Gyure opened his own business after his former employer closed up shop. Starfleet is a two-service vehicle business located in an industrial section of town. The store has recently increased its square footage, enabling new office space and a safe showroom to further boost the business. Safes on display include Amsec, Meilink, Gardall and General brands in various configurations. Burglary, fire, personal and deposit safes provide a wide choice for the customers. Some reconditioned safes round out the selection.
Although Starfleet still does commercial master keying and re-keying, some residential lock work and basic automotive, safes are the specialty. The safe work specialization includes servicing mechanical and electronic safe locks as well as opening safes, vaults, time locks, safe deposit boxes and GSA containers. Gyure also retrofits electronic safe locks onto customers’ safes for ease of operation.

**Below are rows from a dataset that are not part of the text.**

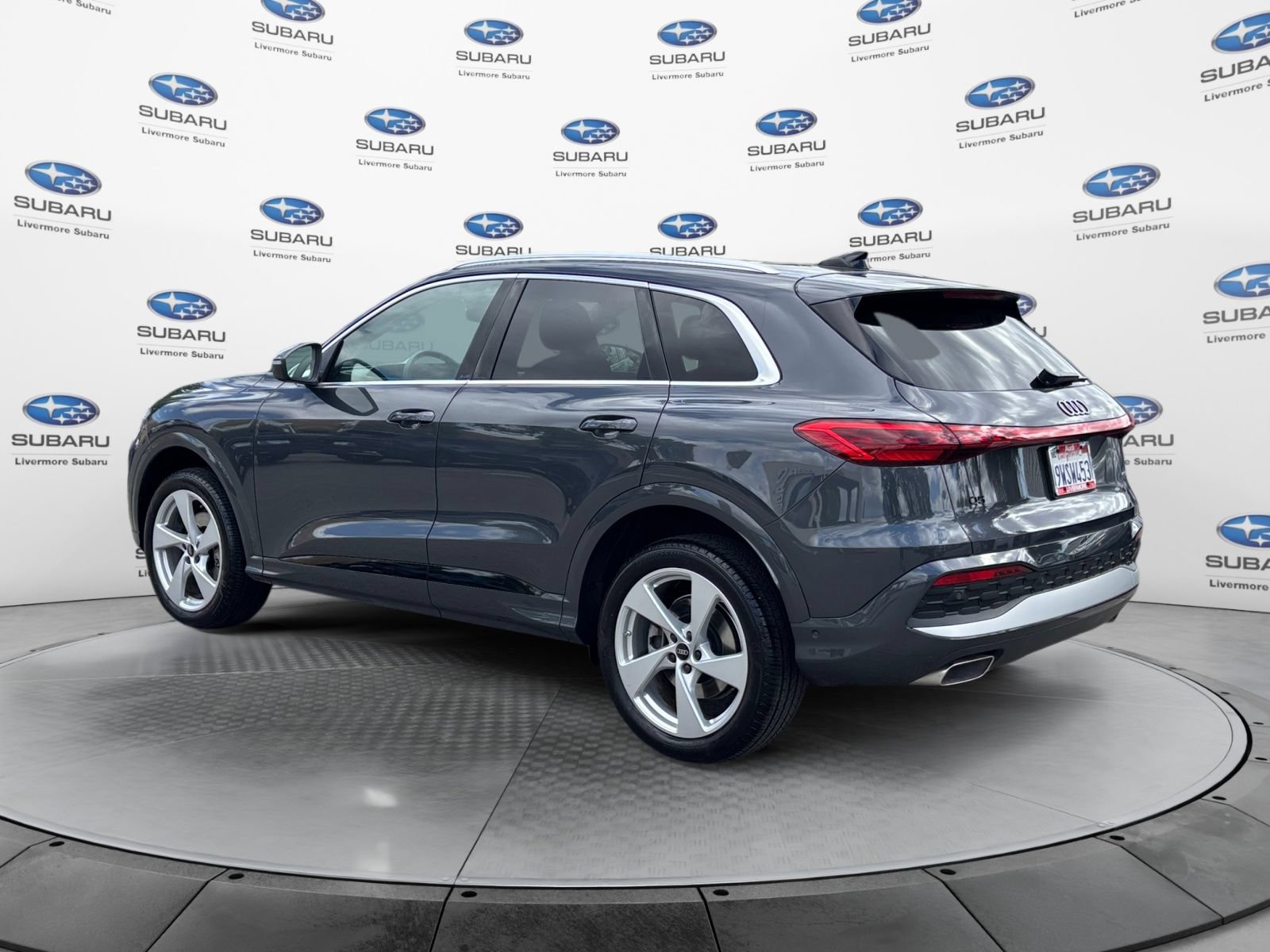 Used 2025 Audi Q5 Premium Plus w/ Premium Plus AWD/4WD image 3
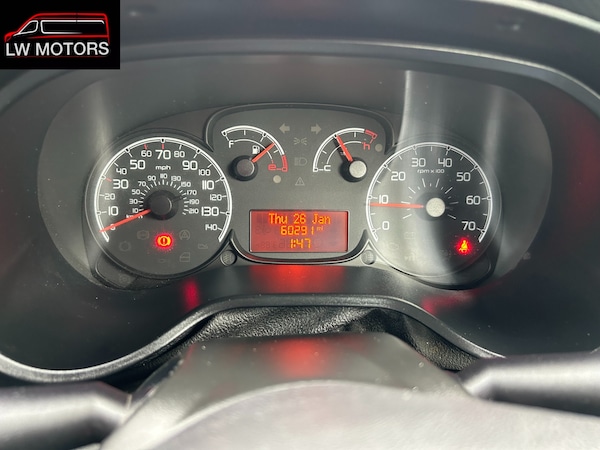 Used Fiat Doblo 2014 for sale - 76192842: Photo 17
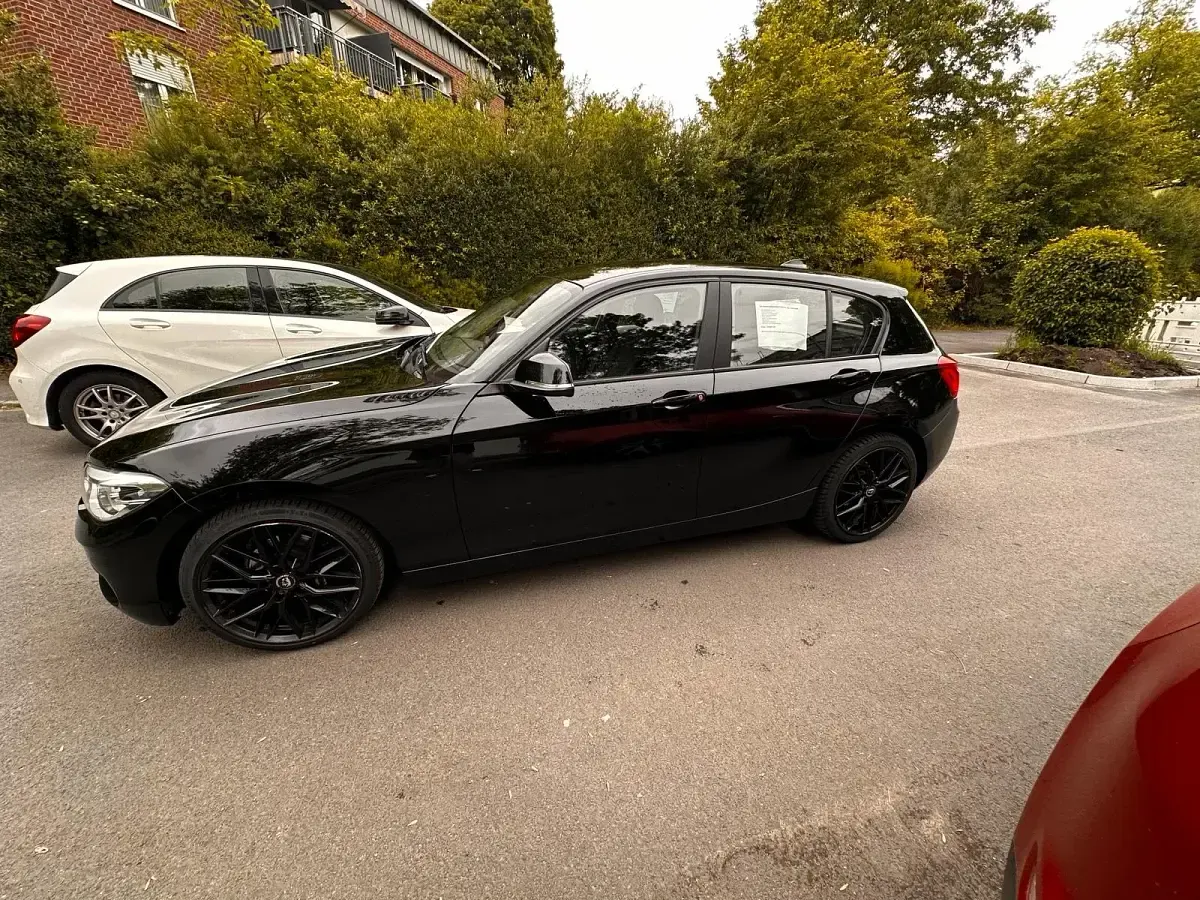 Gebraucht BMW 116 Efficient Dynamics 116 PS (85 kW) 2017 Schwarz Kleinwagen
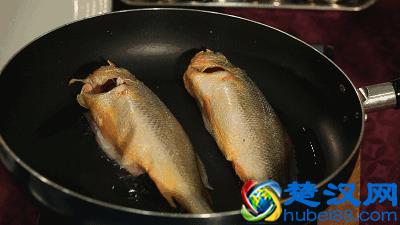 如何煎鱼不粘锅不掉皮?煎鱼不掉皮的五个妙招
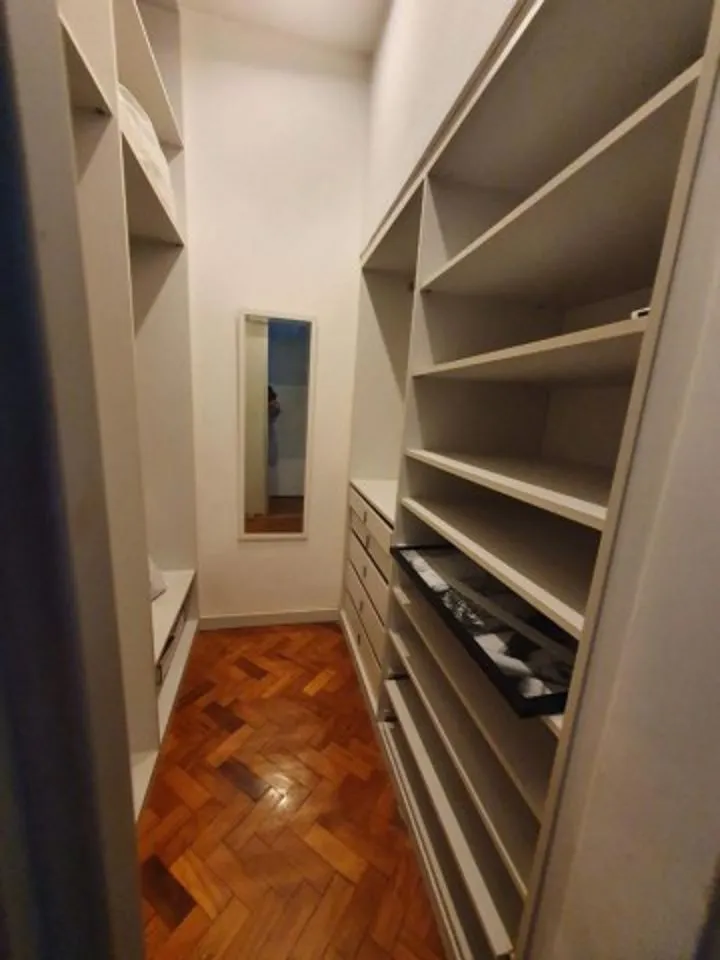 Walk-in closet in a 3-bedroom apartment, 148 m² — photo 15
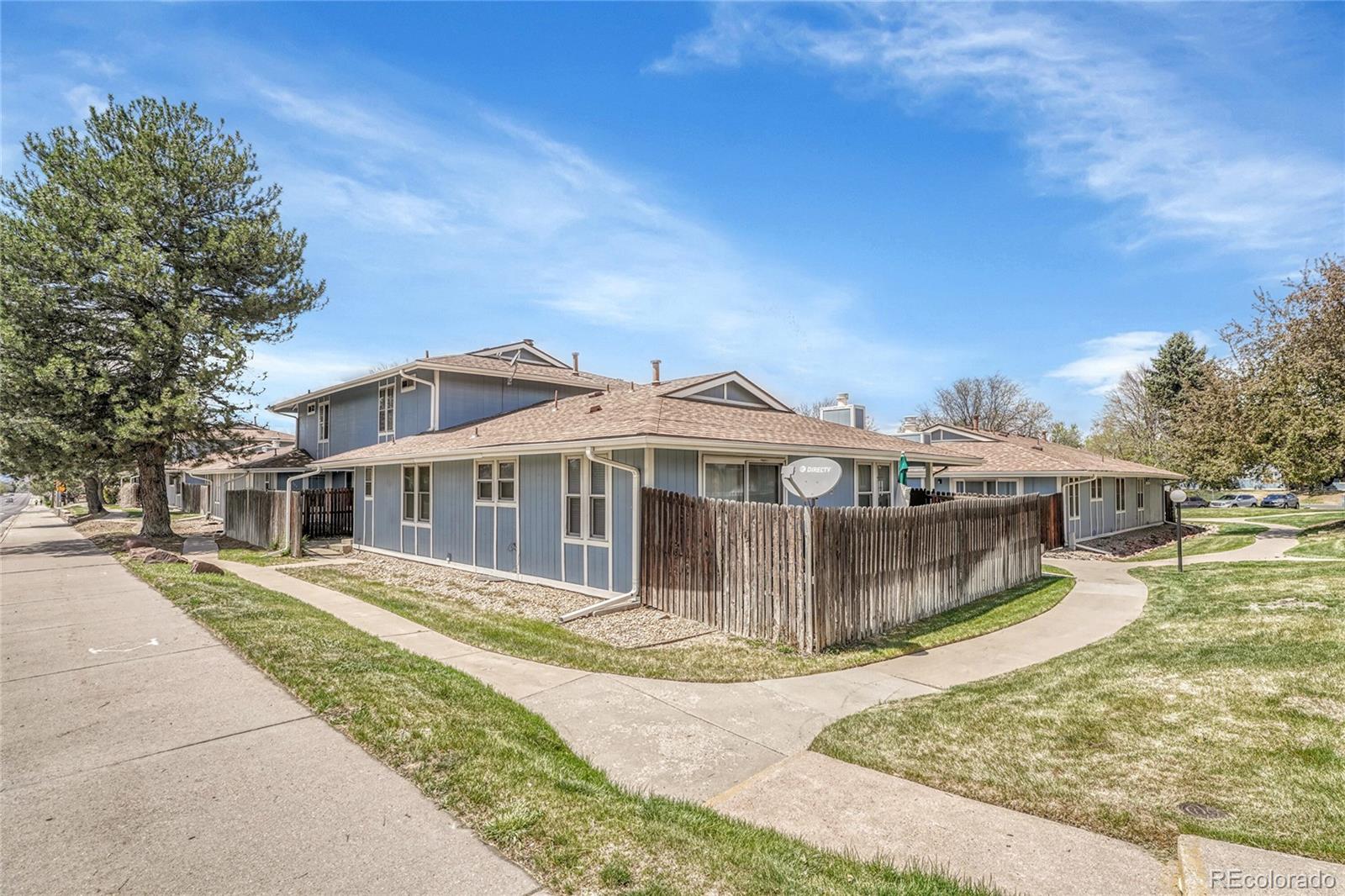 MLS Image #26 for 264 s newark circle,aurora, Colorado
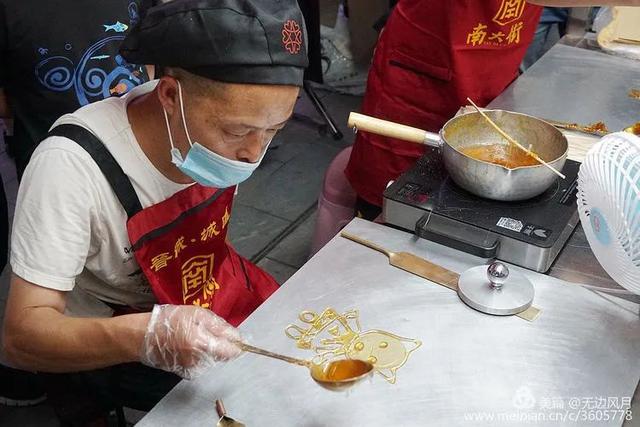 晋城南大街抓拍！众人排长队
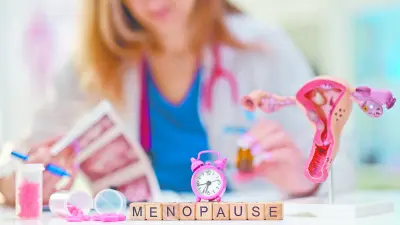 La menopausia no solo transforma el cuerpo de las mujeres. También puede alterar su descanso, salud emocional, vida sexual y desempeño laboral. En México, más de seis millones de mujeres atraviesan el climaterio, de acuerdo con la Secretaría de Salud, esta etapa comienza a reconocerse como un desafío de salud pública con implicaciones económicas.Un estudio del Fondo de Población de las Naciones Unidas (UNFPA) en México y SinReglas reveló que 67% de las participantes experimenta síntomas que afectan sus actividades laborales o cotidianas.El problema trasciende las molestias físicas: muchas mujeres atraviesan la menopausia durante una etapa de consolidación profesional.mucho más que bochornosLa menopausia ocurre, generalmente, entre los 45 y 55 años, pero sus manifestaciones pueden comenzar antes. Insomnio, sudoraciones nocturnas, cambios emocionales, sequedad vaginal y dificultades de concentración forman parte de los síntomas que algunas mujeres experimentan.La Investigadores de Monash University, en Australia, analizaron información de 5,509 mujeres y encontraron que la prevalencia de bochornos moderados o severos aumentó de 8.8% durante la premenopausia a 37.3% en la perimenopausia tardía. La salud mental también merece atención. Un metaanálisis de University College London (UCL), basado en siete estudios con 9,141 participantes, identificó un riesgo aproximadamente 40% mayor de presentar síntomas depresivos durante la perimenopausia, frente a la etapa premenopáusica. deuda con la salud femeninaLa disminución de estrógenos también se relaciona con cambios en la salud ósea y genitourinaria, además de modificaciones en factores de riesgo cardiovascular. Por ello, la atención médica debe contemplar prevención, diagnóstico y seguimiento.La terapia hormonal puede aliviar determinados síntomas, especialmente los bochornos y sudoraciones nocturnas, aunque no todas las mujeres son candidatas. Existen alternativas no hormonales y tratamientos psicológicos respaldados por evidencia científica. En México comienzan a desarrollarse propuestas de atención multidisciplinaria, como Menopausia Libre, de Grupo Reina Madre, que integra ginecología, nutrición, sexología y neuropsicología.el costo de ignorarlaEl estudio de UNFPA y SinReglas identificó que hasta 30% de la brecha salarial entre mujeres y hombres de 40 a 60 años permanece sin explicación mediante factores observables, aunque esto no demuestra que la menopausia sea su causa.Reconocer esta transición, ampliar el acceso a tratamientos y promover entornos laborales informados puede contribuir a preservar el bienestar y las oportunidades profesionales de millones de mexicanas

Specialized work requires special tools. Gyure has invested heavily in hardware. Special drill bits, drill stands and drill motors are only the beginning. Standard and oddball safe change keys, various boroscopes, viewing cameras, monitors and attachments, as well as a wide variety of repair and replacement parts and lock mechanisms are kept on hand to be able to do a complete job in one trip at the job site.
The biggest tool in his arsenal, though, is knowledge. The wide variety of reference material is probably more important than anything. The ability to decipher drill points and angles, lock construction information and exploded views of locks makes the job go usually as planned.
An ALOA Certified Registered Locksmith, he also is a member of the Safe and Vault Technician’s Association, SAVTA, and is certified by various manufacturers to do specialized lock work and open, service and repair GSA containers.
Ongoing training includes attending the Clark Security Products 2008 Security Conferences and Expo in Chicago and the SAVTA convention.
A lot of local locksmiths happily refer safe work to Starfleet because they don’t have the technicians or knowledge to do detailed safe openings and repair. It was this void combined with the challenge that led him to focus on the field.
Gyure has done numerous jobs for law enforcement agencies and the military. He estimates that about 70 percent of his business is warranty and repair work for the national service contractors and safe manufacturers.
When he gets stumped or needs a question answered, he relies on other safe specialists and the Internet. Paul Schaeffer is an experienced Diebold/Mosler technician who shares valuable information with Gyure on occasion and also calls him for information. With the locksmith forums on the internet, detailed information can also be exchanged with a wide selection of security professionals possessing a total of hundreds of years of combined experience.
Planning to continue focusing on safes and related work, Gyure is looking to acquire an updated safe moving trailer that carries heavier loads and more safe moving equipment, including a stair climber.
The company advertises the specialized services it offers on business cards, their service vehicles and in a small online Yellow Pages ad. Their website also offers a free security survey checklist and tips for travel security.
Gyure stressed that the most effective advertising is word-of-mouth referrals from satisfied customers.